Entries shown section start
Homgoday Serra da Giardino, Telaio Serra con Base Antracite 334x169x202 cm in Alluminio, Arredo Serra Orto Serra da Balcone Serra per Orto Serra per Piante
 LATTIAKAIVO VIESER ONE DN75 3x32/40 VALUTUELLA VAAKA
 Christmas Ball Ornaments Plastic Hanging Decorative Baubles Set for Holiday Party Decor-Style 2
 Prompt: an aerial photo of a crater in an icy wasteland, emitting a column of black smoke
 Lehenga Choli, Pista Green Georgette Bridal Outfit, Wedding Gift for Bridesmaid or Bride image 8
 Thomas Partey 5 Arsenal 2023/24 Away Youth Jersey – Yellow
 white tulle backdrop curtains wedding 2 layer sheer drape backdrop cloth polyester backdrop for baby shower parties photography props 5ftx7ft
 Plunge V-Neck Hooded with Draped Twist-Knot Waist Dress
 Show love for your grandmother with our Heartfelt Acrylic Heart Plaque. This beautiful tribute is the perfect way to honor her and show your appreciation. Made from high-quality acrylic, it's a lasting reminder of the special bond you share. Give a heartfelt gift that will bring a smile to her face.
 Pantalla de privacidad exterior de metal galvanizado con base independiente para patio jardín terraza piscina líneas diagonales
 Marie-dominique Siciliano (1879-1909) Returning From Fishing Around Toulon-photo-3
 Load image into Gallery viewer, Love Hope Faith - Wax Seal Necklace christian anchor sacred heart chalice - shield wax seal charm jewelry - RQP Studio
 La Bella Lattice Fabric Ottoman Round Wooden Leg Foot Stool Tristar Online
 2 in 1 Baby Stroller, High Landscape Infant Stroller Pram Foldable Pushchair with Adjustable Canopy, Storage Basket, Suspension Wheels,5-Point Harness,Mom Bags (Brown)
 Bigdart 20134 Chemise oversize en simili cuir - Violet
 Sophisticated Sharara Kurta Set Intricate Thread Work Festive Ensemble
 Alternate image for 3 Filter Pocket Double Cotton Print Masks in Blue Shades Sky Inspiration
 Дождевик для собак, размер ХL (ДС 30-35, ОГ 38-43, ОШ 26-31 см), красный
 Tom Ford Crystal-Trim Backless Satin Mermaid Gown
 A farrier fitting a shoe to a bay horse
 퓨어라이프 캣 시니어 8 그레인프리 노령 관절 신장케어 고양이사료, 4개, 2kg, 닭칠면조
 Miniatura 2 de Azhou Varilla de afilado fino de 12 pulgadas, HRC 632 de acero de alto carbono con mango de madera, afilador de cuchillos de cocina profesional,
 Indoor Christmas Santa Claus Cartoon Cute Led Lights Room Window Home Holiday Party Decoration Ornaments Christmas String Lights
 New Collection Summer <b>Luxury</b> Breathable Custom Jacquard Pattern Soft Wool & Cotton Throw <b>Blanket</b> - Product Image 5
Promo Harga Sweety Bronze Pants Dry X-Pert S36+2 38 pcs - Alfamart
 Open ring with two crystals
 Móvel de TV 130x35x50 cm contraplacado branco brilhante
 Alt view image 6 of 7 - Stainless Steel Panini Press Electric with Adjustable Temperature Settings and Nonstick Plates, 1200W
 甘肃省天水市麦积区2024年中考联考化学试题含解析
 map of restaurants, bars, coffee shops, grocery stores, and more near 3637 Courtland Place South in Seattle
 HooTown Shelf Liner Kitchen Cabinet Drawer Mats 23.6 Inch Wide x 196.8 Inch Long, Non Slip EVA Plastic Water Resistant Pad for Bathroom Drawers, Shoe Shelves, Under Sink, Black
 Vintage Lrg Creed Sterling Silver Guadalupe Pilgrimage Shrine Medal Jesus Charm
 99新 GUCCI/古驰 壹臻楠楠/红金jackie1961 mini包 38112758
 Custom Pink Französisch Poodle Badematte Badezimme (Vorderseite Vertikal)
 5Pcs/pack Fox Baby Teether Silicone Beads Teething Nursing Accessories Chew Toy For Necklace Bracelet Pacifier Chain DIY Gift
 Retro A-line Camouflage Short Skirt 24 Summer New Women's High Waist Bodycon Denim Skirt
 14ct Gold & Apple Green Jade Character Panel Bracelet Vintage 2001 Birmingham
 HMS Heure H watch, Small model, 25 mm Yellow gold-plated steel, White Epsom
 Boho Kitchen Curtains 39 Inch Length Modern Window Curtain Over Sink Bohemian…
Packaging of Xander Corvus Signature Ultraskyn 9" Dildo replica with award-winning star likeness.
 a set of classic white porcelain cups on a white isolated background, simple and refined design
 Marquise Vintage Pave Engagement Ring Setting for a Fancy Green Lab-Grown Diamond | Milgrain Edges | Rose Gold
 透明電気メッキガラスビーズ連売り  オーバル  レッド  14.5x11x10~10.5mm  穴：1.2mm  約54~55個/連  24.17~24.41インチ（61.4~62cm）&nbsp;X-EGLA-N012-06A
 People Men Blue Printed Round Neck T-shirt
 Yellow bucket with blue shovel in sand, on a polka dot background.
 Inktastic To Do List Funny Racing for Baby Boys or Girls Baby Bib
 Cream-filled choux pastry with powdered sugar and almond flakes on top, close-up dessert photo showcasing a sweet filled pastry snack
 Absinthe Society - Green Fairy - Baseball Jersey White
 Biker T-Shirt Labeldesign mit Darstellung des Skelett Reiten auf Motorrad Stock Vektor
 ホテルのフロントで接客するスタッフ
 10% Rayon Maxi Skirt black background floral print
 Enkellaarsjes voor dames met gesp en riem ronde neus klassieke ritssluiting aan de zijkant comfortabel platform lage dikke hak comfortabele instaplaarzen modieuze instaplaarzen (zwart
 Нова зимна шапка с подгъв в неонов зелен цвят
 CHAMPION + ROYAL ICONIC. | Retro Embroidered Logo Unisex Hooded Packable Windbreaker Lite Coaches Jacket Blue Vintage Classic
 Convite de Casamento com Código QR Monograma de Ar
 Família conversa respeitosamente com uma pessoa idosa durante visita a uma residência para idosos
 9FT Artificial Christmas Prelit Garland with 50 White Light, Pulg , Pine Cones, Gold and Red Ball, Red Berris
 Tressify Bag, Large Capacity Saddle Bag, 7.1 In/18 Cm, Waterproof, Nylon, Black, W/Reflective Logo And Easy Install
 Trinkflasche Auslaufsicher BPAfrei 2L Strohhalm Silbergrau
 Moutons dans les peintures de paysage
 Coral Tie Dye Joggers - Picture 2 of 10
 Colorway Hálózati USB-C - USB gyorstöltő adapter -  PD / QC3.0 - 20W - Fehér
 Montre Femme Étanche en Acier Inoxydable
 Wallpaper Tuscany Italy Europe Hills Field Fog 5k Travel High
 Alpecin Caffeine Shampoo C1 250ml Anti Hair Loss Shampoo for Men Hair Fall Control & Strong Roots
Entries shown section end
▶ _Your objective_:
Each line of the entries above that contains "para" is to be copied.

▶ _Reply_:
 Pantalla de privacidad exterior de metal galvanizado con base independiente para patio jardín terraza piscina líneas diagonales
 Família conversa respeitosamente com uma pessoa idosa durante visita a uma residência para idosos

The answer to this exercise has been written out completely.